══ Materials provided ══

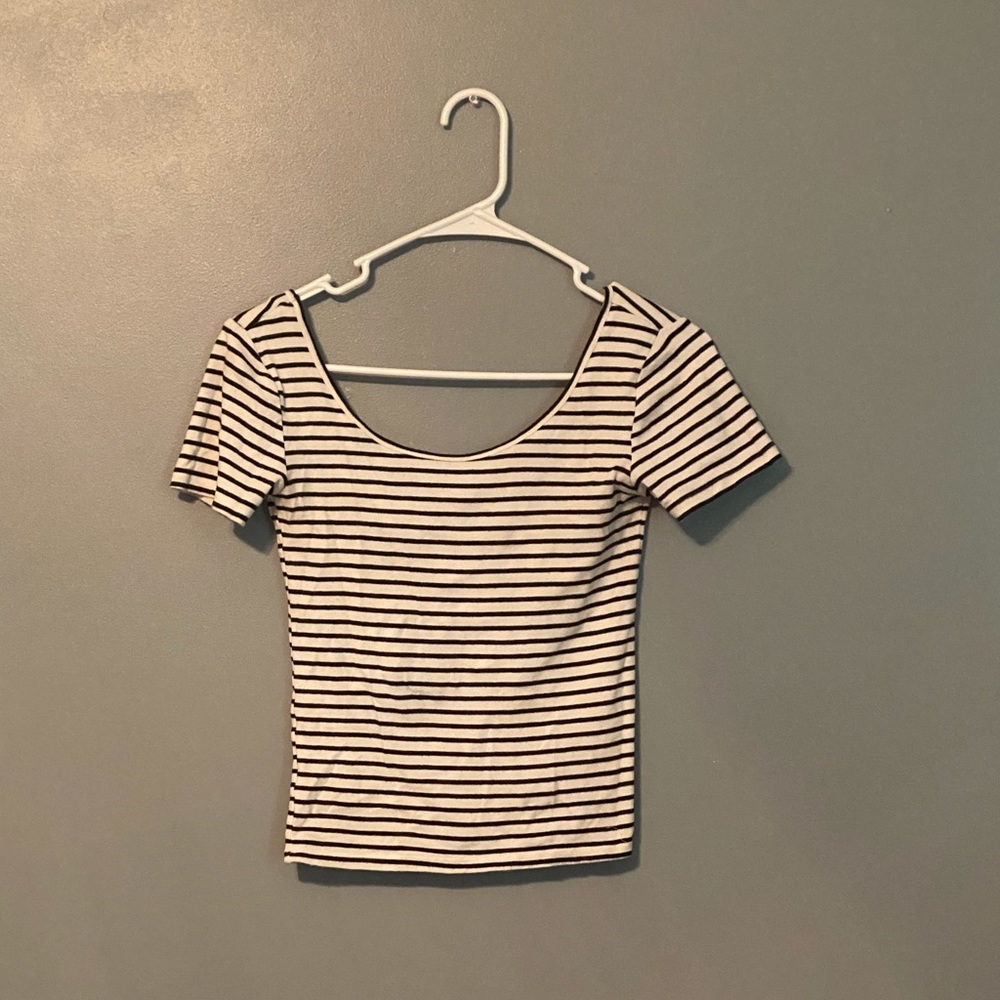 Pin striped black and white top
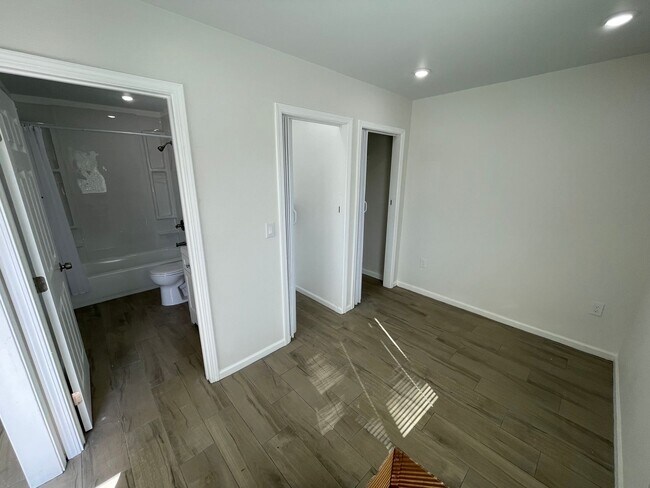 Building Photo - 24268 Virginia Ln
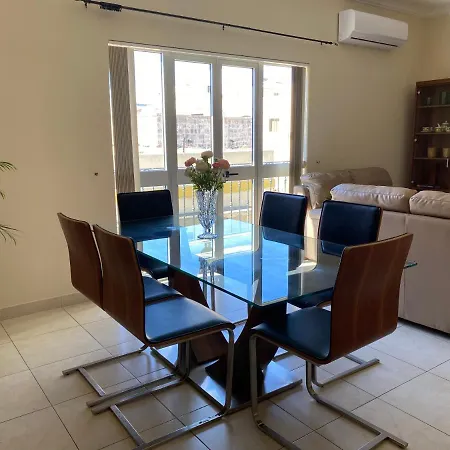 Newly Refurbished Mellieha Central Apartment Exterior photo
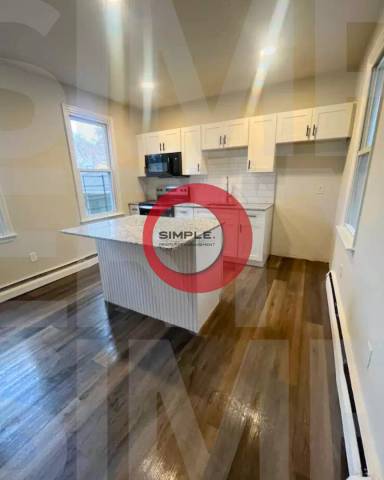 Main picture of 707 Beech St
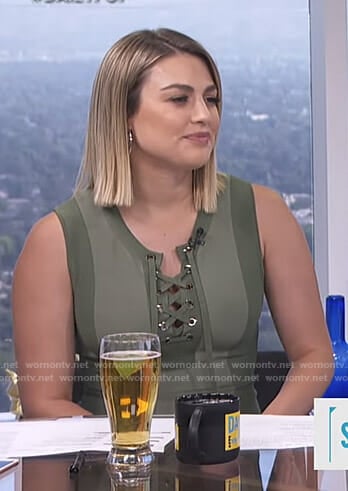 Carissa's green lace up fitted dress on E! News Daily Pop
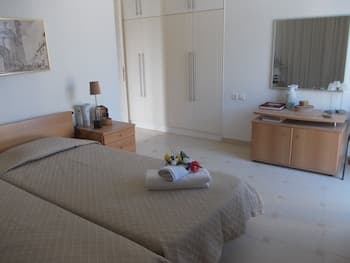 Kalogria Beach Apartments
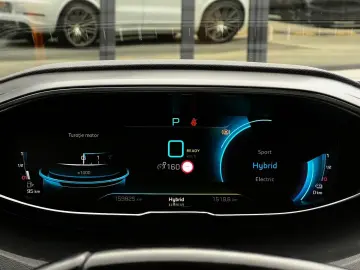 Peugeot 3008 Gen-Ii-2016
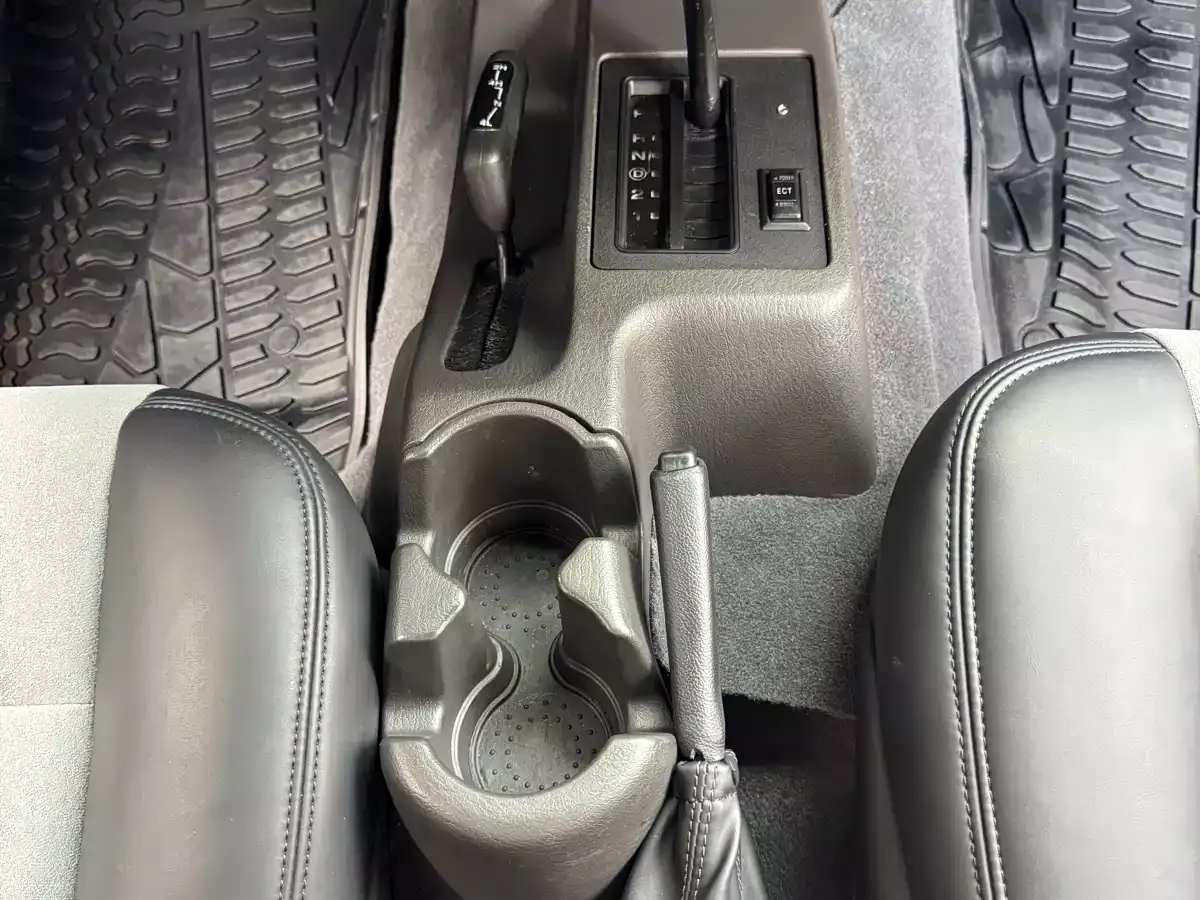 Jeep Wrangler 2005 4.0L Rubicon фото 17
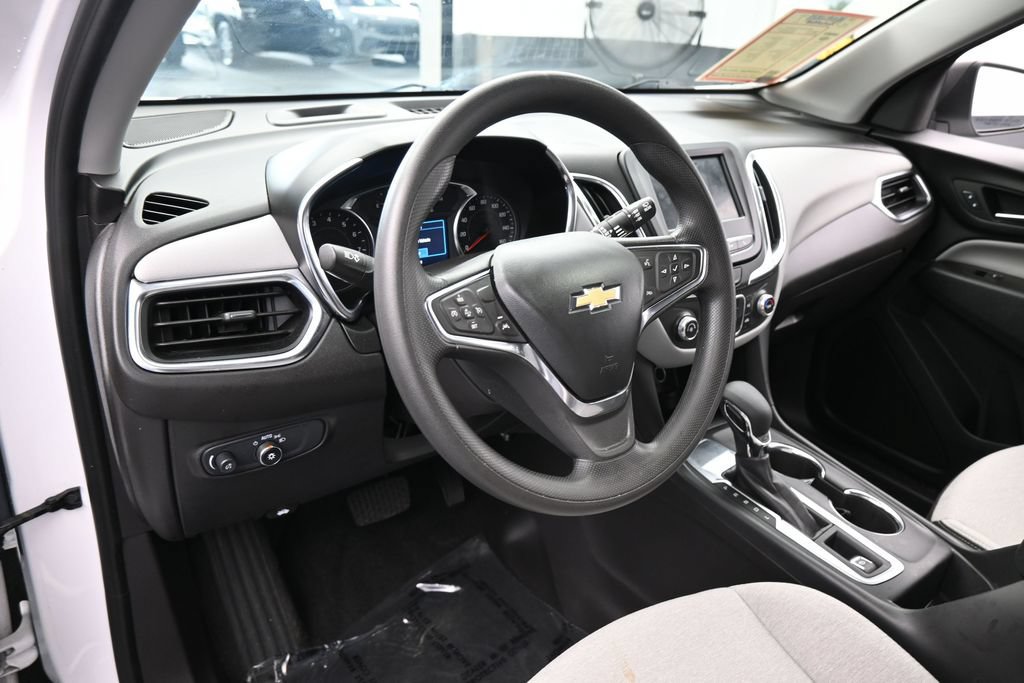 Used 2024 Chevrolet Equinox LS w/ LS Convenience Package FWD image 11
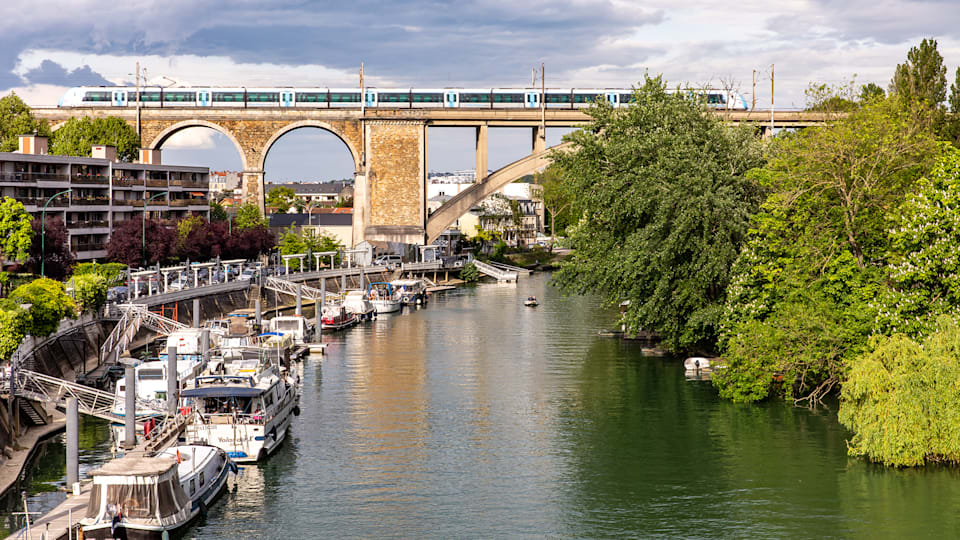 The Nogent-sur-Marne viaduct saddling the Marne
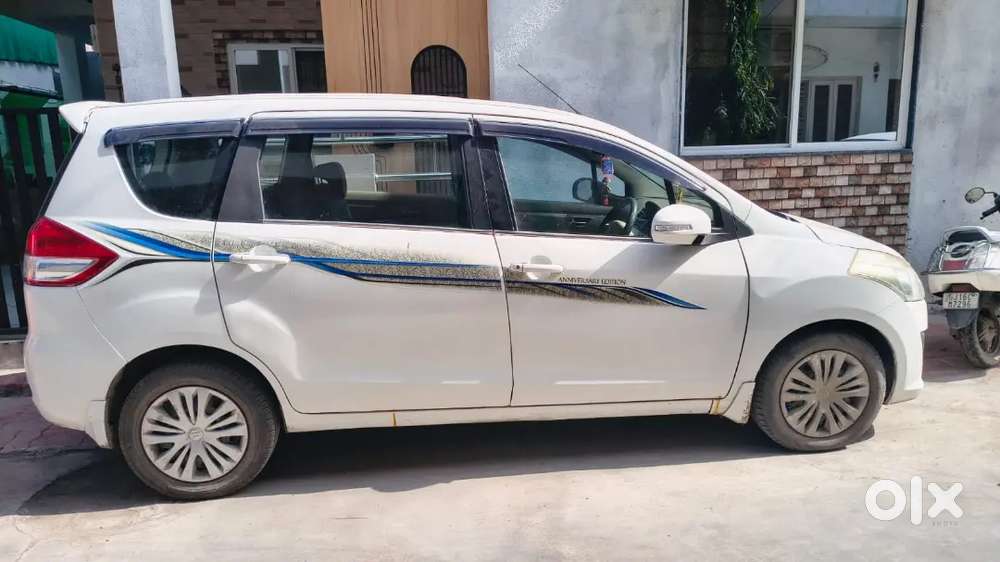 Sell Urgent Maruti Ertiga Diesel Manual 2015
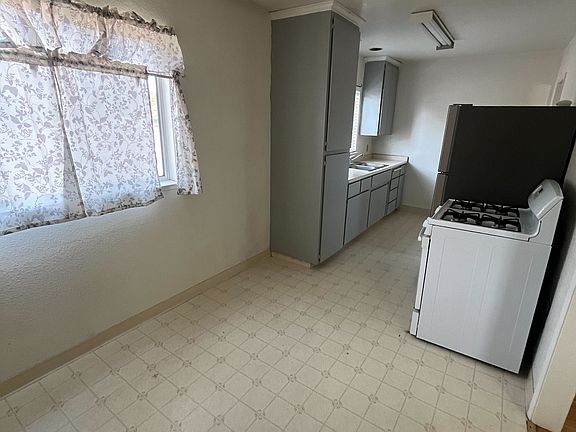 4th image of 206 E Cleveland St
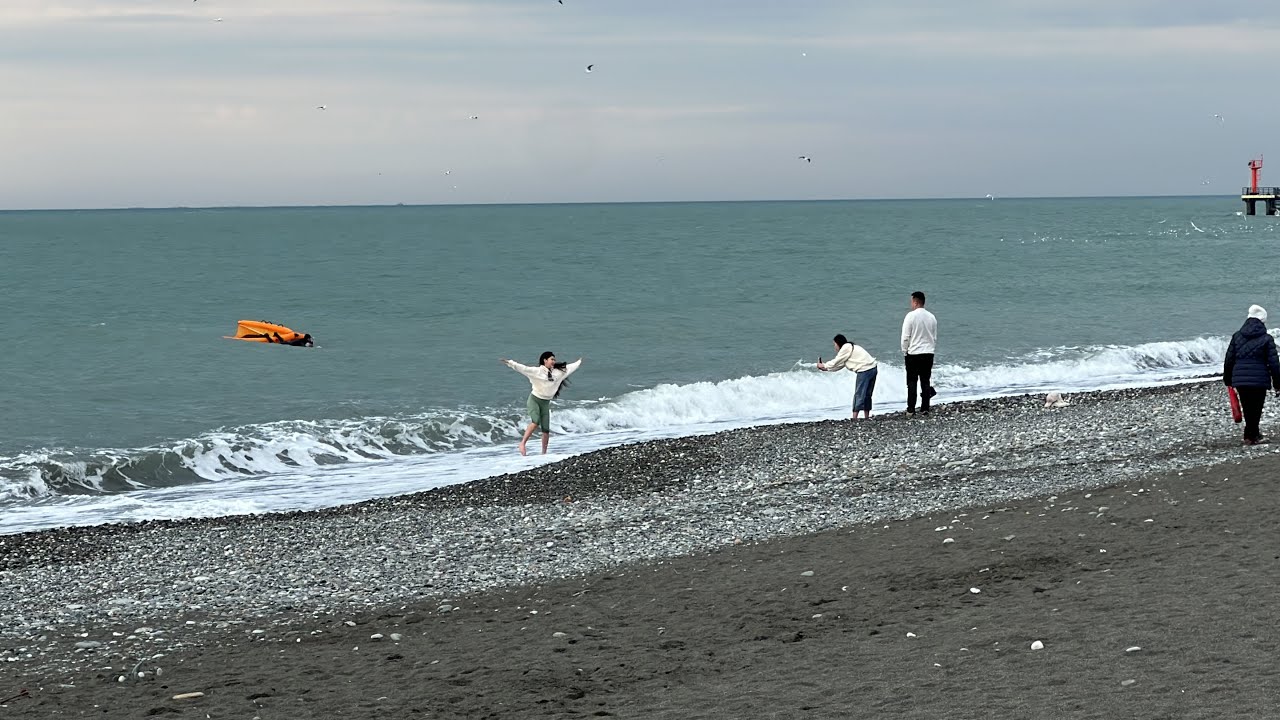 двое у моря. презентация на тему океаны. моря название морей. что дают моря друг другу. две девушки у океана.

═══

• [What the exercise asks] Leave out the images and write out the listing above exactly.

• [Expected output]
 Pin striped black and white top
 Building Photo - 24268 Virginia Ln
 Newly Refurbished Mellieha Central Apartment Exterior photo
 Main picture of 707 Beech St
 Carissa's green lace up fitted dress on E! News Daily Pop
 Kalogria Beach Apartments
 Peugeot 3008 Gen-Ii-2016
 Jeep Wrangler 2005 4.0L Rubicon фото 17
 Used 2024 Chevrolet Equinox LS w/ LS Convenience Package FWD image 11
 The Nogent-sur-Marne viaduct saddling the Marne
 Sell Urgent Maruti Ertiga Diesel Manual 2015
 4th image of 206 E Cleveland St
 двое у моря. презентация на тему океаны. моря название морей. что дают моря друг другу. две девушки у океана.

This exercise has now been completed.